Cron and hosting
A BIT ABOUT CRON FIRST
The great thing about cron is they need to be manually set. This means as a user you can control the tasks and frequency cron is running.
Now, let me give you a real idea of what cron is doing in this case.
You know when you're logged into osTicket and it brings your mail through and creates the tickets? The cron task basically runs the same script so you shouldn't see any change to the server.

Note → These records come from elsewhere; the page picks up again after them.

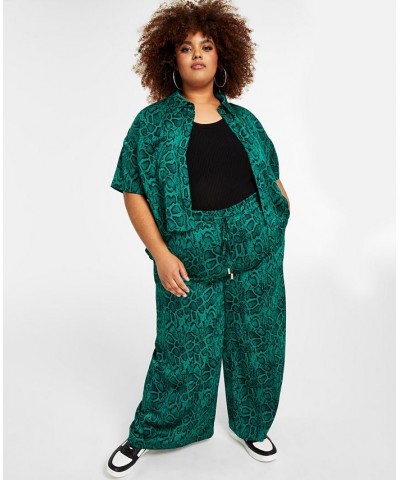 Trendy Plus Size Cropped Printed Satin Shirt Green Snake $16.54 Tops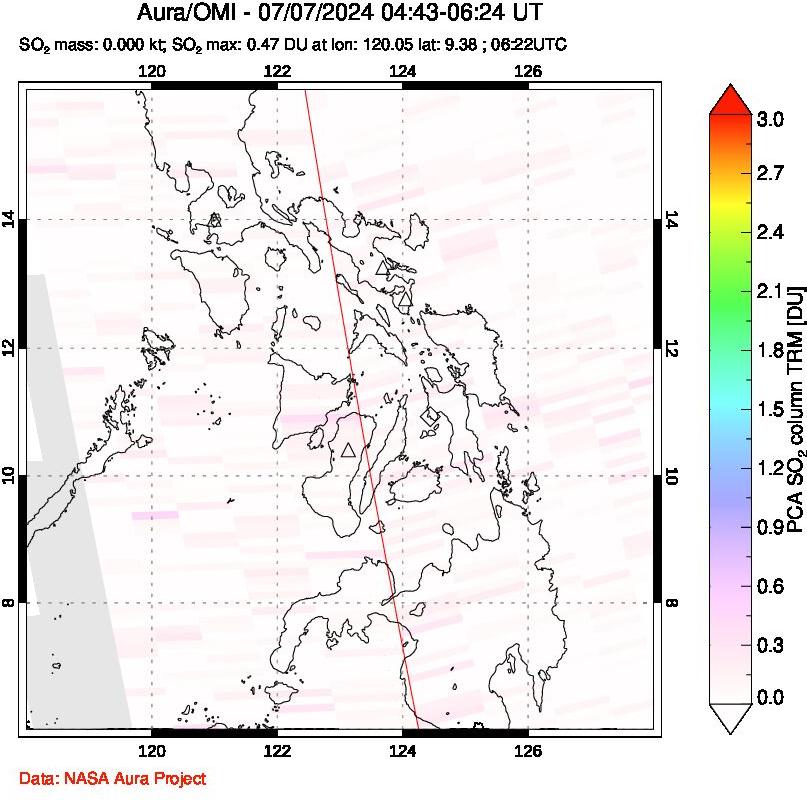 A sulfur dioxide image over Philippines on Jul 07, 2024.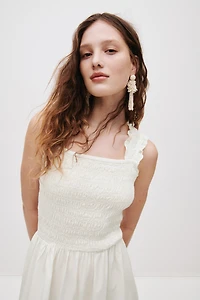 Robe smockée en popeline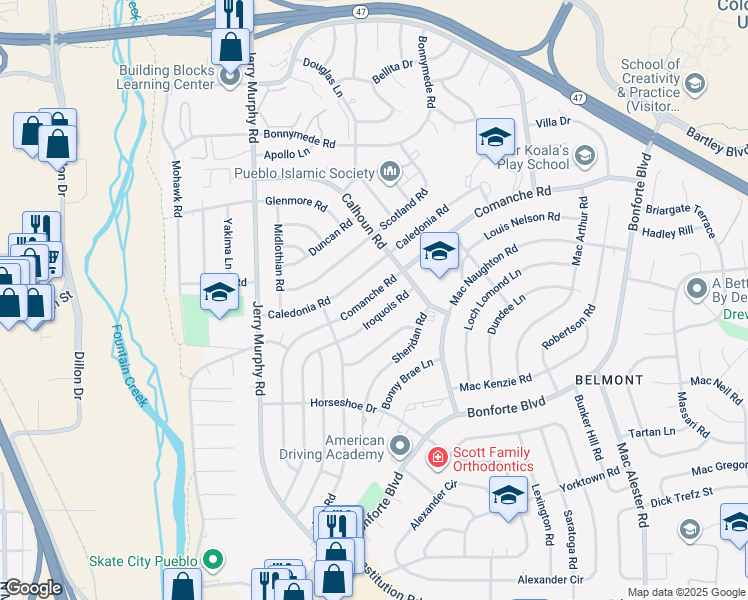 map of restaurants, bars, coffee shops, grocery stores, and more near 1812 Comanche Road in Pueblo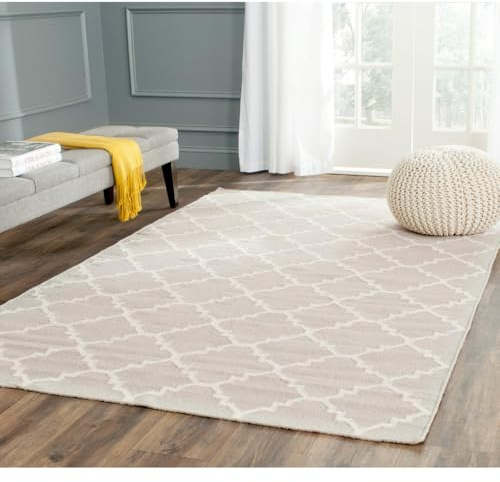 SAFAVIEH Dhurries Collection Area Rug - 6' x 9', Grey & Ivory, Handmade Flat Weave Wool, Ideal for High Traffic Areas in Living Room, Bedroom (DHU554G)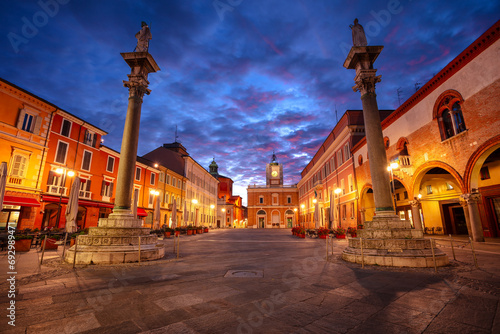 Ravenna, Italy. Cityscape image of old town Ravenna, Italy at beautiful autumn sunrise.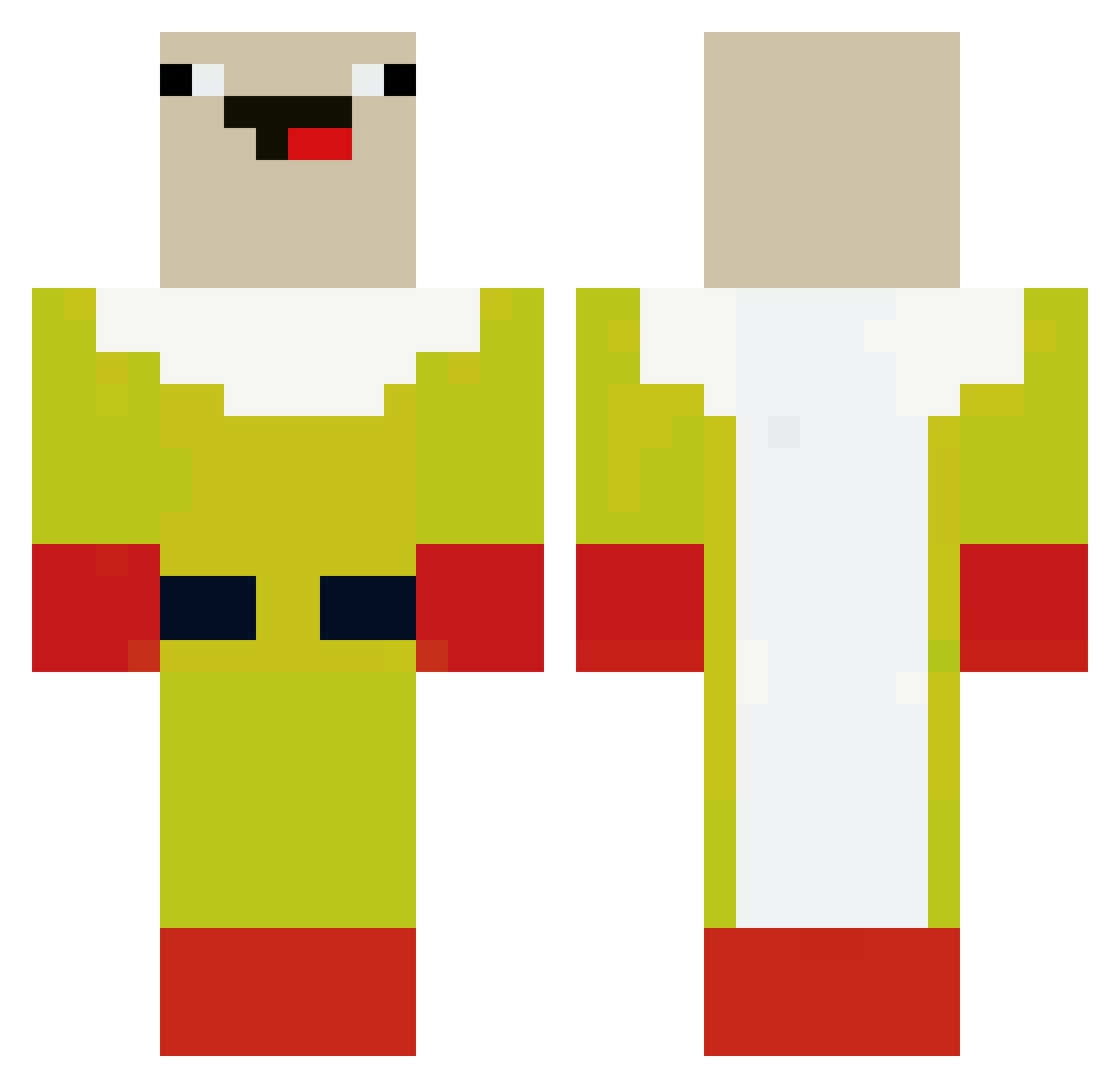 Whitened Minecraft skin, front and back view
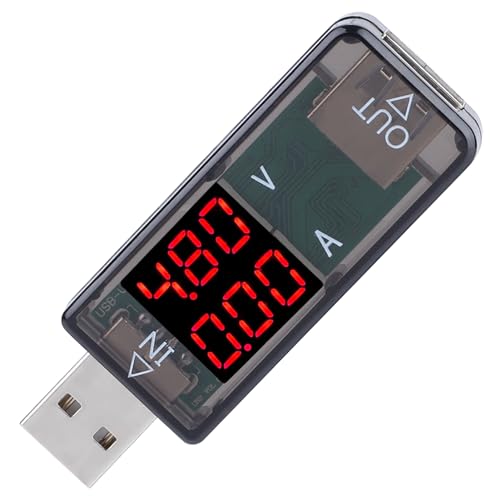 Image of USB Tester, Multimeter USB Power Meter, Color LCD USB Voltage Meter Suitable for Most Applications and Compatible with QC2.0 /QC3.0 Fast Power Supply Test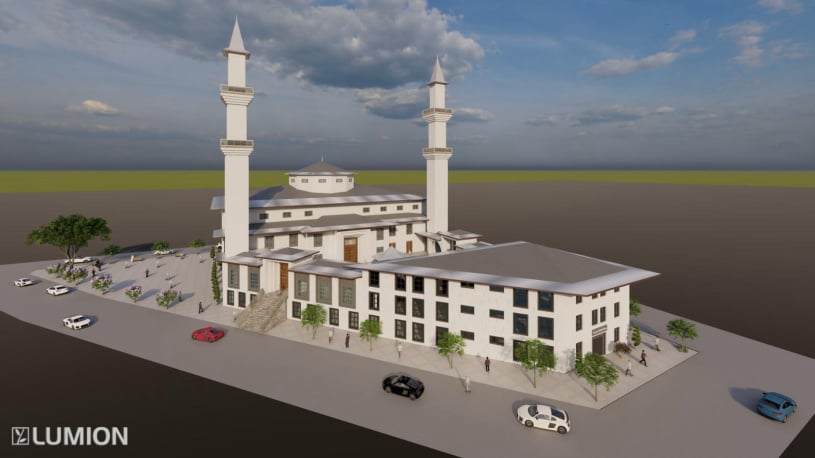 İmamı Gazali Camii ve Kur’an Kursu projesinin 3D dış cephe render görüntüsü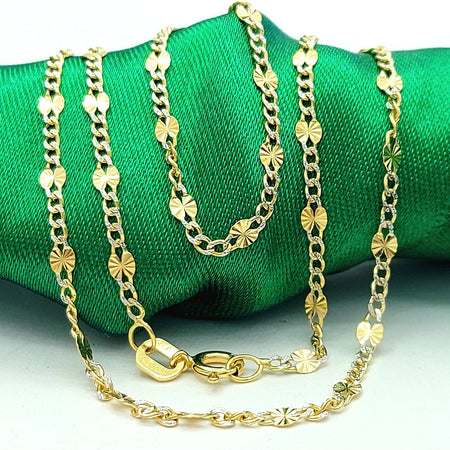 Unique Dainty Starburst Pattern Two-Tone Gold 18ct (750, 18K) Curb Link Necklace
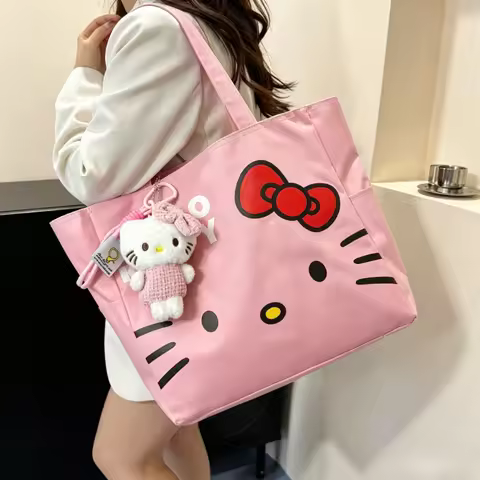 Sanrio Hello Kitty Summer Shoulder Bag Large Travel Bag Women's Luggage Bag Storage Computer Bag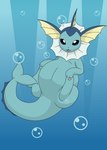 absurd_res bubble ear_fins eeveelution featureless_crotch female feral fin floating generation_1_pokemon hi_res looking_at_viewer neck_fin nintendo pawpads pokemon pokemon_(species) pregnant solo spread_legs spreading tail tail_fin tailbutt tapering_tail thick_tail underwater vaporeon water wide_crotch xniclord789x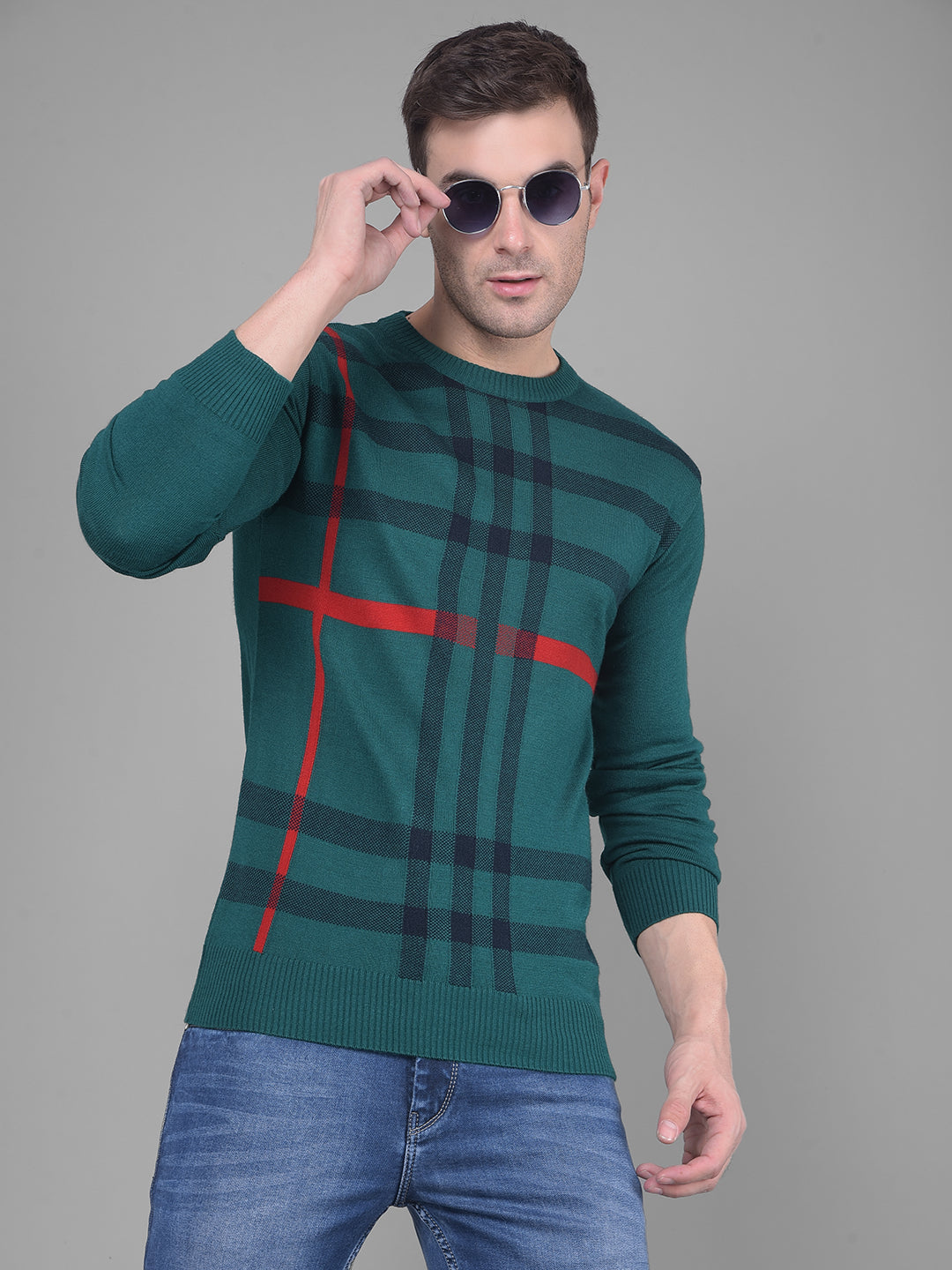 Green Self Design Sweater-Men Sweaters-Crimsoune Club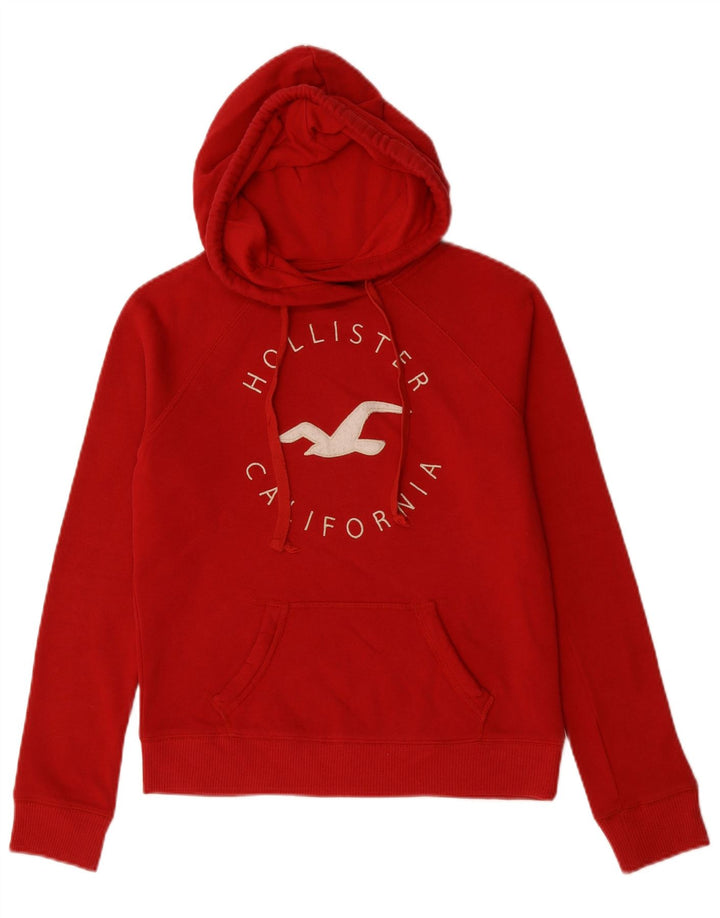 HOLLISTER Damen Graphic Hoodie Pullover UK 6 XS Rote Baumwolle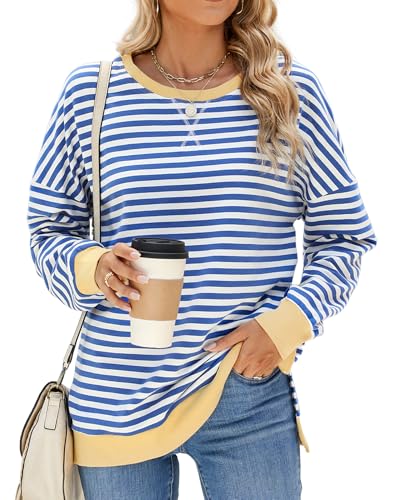 Heersan Sweatshirt Damen Oversize Langarm Bluse Streifen T-Shirts mit Rundhalsausschnitt Lässig Oberteil Locker Tops Y2k Pullover von Heersan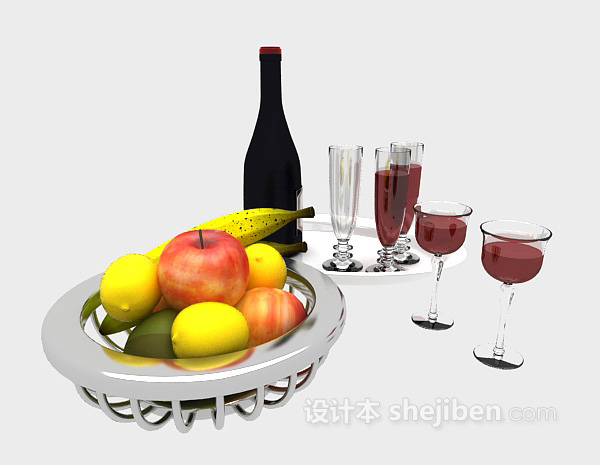 现代风格红酒托盘果盘3d模型下载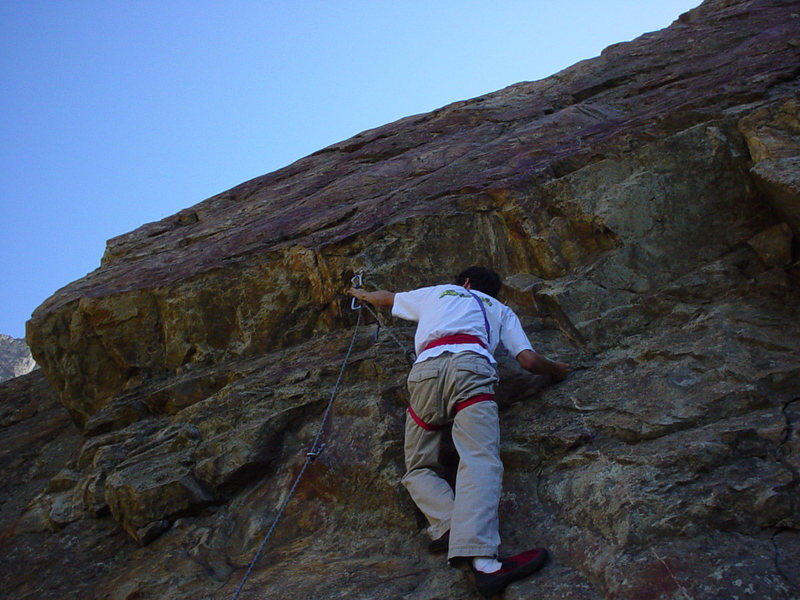 Me on Red Red Whine in 2003. I was living in China at the time and came to Utah for a couple weeks every summer. There are just so many things to love about this picture... The Mocassyms that were way too big for me (and the socks I wore...), the webbing harness, the old Patagonia shirt... On top of that, it's an underexposed buttshot. Ah yes, those were the days.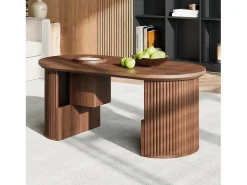 Merax Mesa de centro moderna em estilo retrô - 105 x 50 x 46,5 cm - em nogueira com textura vertical - com espaço de armazenamento - MDF - marrom^ Mesa De Centro
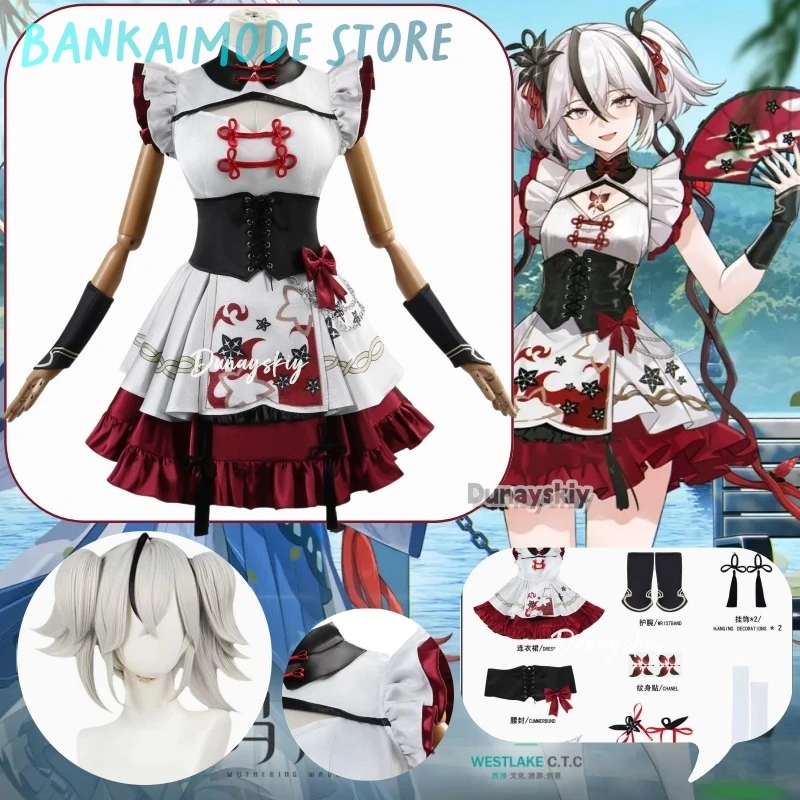Camellya Cosplay Costume Game Wuthering Waves Chun Sweet Uniform Dress West Lake Full Set with Prop Halloween Party Role Play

A BIT ABOUT HOSTING COMPANIES AND CRON
When a website hosting company says they will not allow cron jobs or taskscheduler to run on their servers this raises a BIG red flag for me.
This tells me:
1. they don't know how to manage their servers and/or their customers correctly
2. they overload their servers to a point where running cron will cause problems with server load
3. they think it is still 1997 when the average RAM for a server was either 128Mb for an average server or 256Mb for a good server, this is what caused many server issues with cron, today the average is 2Gb and the performance issues generally just no longer exist
Under any 1 of these situations I would deem them to be a "bad host", a term I don't use often.
Regardless of their reason I would strongly advise you to seek an alternative host. There are many fantastic hosts out there that will meet the needs of most websites, including cron. Website hosting is a competitive world and those who do not provide the services needed and wanted by their customers have a limited life.
Technology is changing and hosts that cannot change or adapt with it have some serious problems.